Saturday, May. 12, 1923

Coast to Coast

Lieutenants John A. Macready and Oakley Kelly finished the first cross-continental non-stop flight in the history of aviation, landing at Rockwell Field, San Diego, after flying 26 hours and 50 minutes and covering approximately 2,600 miles from their point of departure at Roosevelt Field, Long Island.

During the first hour of flight their battery regulator gave trouble and only the hardest work enabled them to make it function. The excessive gasoline load carried forced them to fly dangerously low, 400 feet above the ground during the earlier stages of their trip.

A whole night (between Indianapolis and Tucumcari gravestones in New Mexico) they flew with a compass as their sole guide. Crossing Arizona in the morning and flying low to get their bearings anew, they piloted their Fokker T-2 in a country of forests, ravines and canyons, treacherous air currents, and at one point flew most dangerously between the walls of a deep canyon. Yet they pronounced their flight " humdrum," and landed in perfect condition--except for hearing slightly affected by the continuous roar of the motor.

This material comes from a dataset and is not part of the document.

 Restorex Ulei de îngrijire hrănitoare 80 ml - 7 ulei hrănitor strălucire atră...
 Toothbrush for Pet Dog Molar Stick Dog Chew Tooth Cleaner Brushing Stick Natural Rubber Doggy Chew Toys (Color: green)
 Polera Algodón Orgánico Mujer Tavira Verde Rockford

Country-wide interest was aroused. The machine was awaited all along its route through Dayton, Indianapolis, St. Louis, Kansas City, Tecumcari, N. M., and Wickenburg, Ariz. A hundred thousand people met them at San Diego, and telegrams of congratulation by the hundred, beginning with one from the President, poured in from every state in the Union.

Significance

Macready and Kelly will now attempt to fly around the globe. Lieut. R. L. Maugham, will pilot the Curtiss Army plane--speed record of 245 miles per hour--across the continent in a daylight flight. But more solid significance is attached to the coast-to-coast flight than introduction to further records. It means a tremendous boost for the Air Mail plan of continuous service between New York and San Francisco. It points to the entire feasibility of commercial air lines across the continent. Ultimately no business house will be able to afford any mail but air mail; no business man any travel but air travel.

At Le Bourget, France, Sergeant Bury in a machine carrying 550 pounds cargo reached an altitude of well over five miles--world's record.